Last September, Gaon Connection did a ground report on child marriages in West Bengal, which reported a sharp increase in the COVID19 pandemic. Between March 2020 and August 2020, at least 119 child marriage cases were recorded alone in Cooch Behar district of the state.

Also Read: Despite the COVID-19 pandemic and the lockdown, teenage girls continue to be pushed into child marriage in Cooch Behar, West Bengal

The tribal communities, especially in remote villages, are vulnerable to human trafficking. It is no secret that children from these areas are often ‘married off’ and sent to Rajasthan, Nepal, Haryana, Punjab, etc. The poverty in these areas are exploited by middlemen who pay a lakh or two to desperate parents, offer to bear the cost of the entire ‘wedding’ and take the girls away to a life of bonded labour and sexual exploitation.

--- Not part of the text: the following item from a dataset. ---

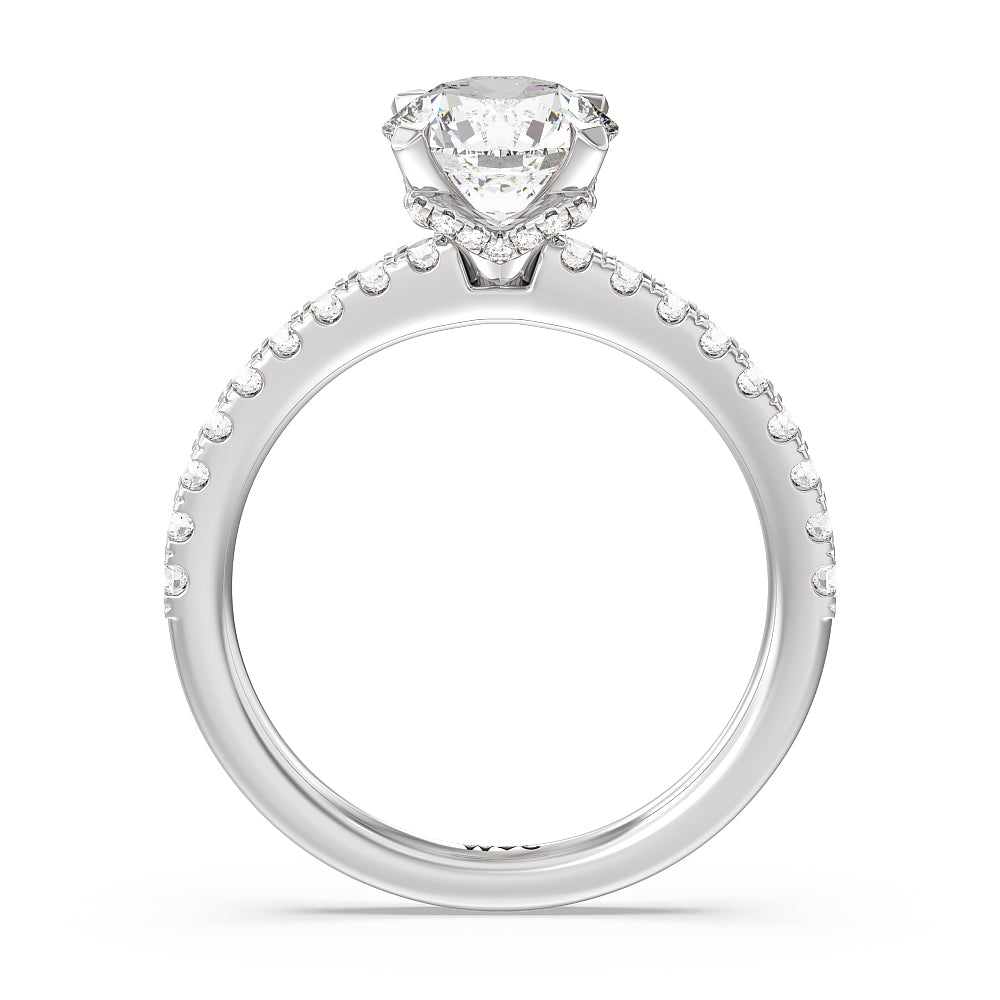 Round Cut Vela Medi Hidden Halo Engagement Ring with Lab Grown Diamond in 14KT Platinum view 2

“Between March 2020 and March 2021, twelve child marriages were prevented in Sonbhadra district,” Amrendra Pautsyayan, Sonbhadra district probation officer, told Gaon Connection. The year before (2019-2020), five child marriages were stopped before they could go through, he added. “The rise in cases is worrying. The pandemic has increased the incidence of child marriage but we are working hard to stop this ill practice,” Pautsyayan said.

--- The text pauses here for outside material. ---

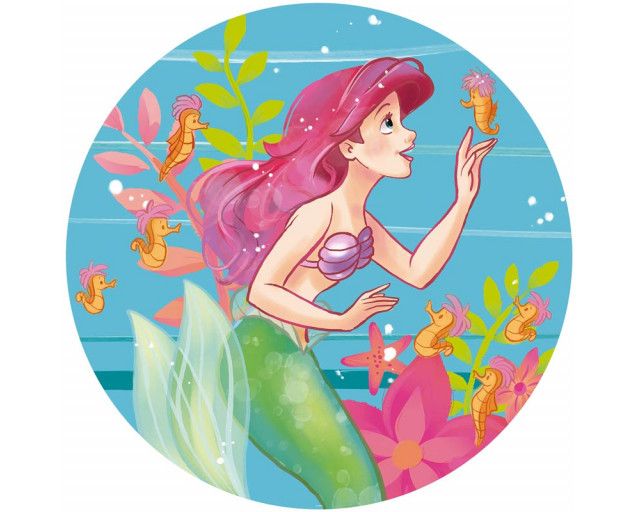 Tapetenkreis von Ariel und Seepferdchen aus Die kleine Meerjungfrau, glücklich schwimmend in einem klaren blauen Ozean.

Unlike Sonbhadra district, in Mirzapur the cases of child marriages coming to light have been few and far between. “From March 2019 to March 2020, we stopped one child marriage. There has not been a single case between March 2020 and March this year. Now only one child marriage case came to light, that happened on July 2, and we stopped it,” Pooja Maurya, child protection officer, Mirzapur, told Gaon Connection

Also Read: From March to June 2020, 1.85 million women were denied safe abortion facilities

According to Sangeeta Sharma, member of the child welfare committee, Lucknow, when money is involved and such young children are involved, the Protection of Children from Sexual Offences (POCSO) Act comes into play. “It [July 2 child marriage in Mirzapur for which Rs one lakh was paid] is clearly a case of child trafficking,” she told Gaon Connection

Raptan stressed on the need to activate and strengthen the role of Village Level Child Protection Committees, Block level Child Protection Committees and the functioning of Integrated Child Protection Scheme (ICPS) in order to check such incidents. “The Trafficking in Persons (Prevention, Care and Rehabilitation) Bill, 2021 can be helpful when it’s a comprehensive bill that talks about different forms of trafficking including forced marriage, child marriage etc,” she said. The Centre has recently invited suggestions for this draft bill.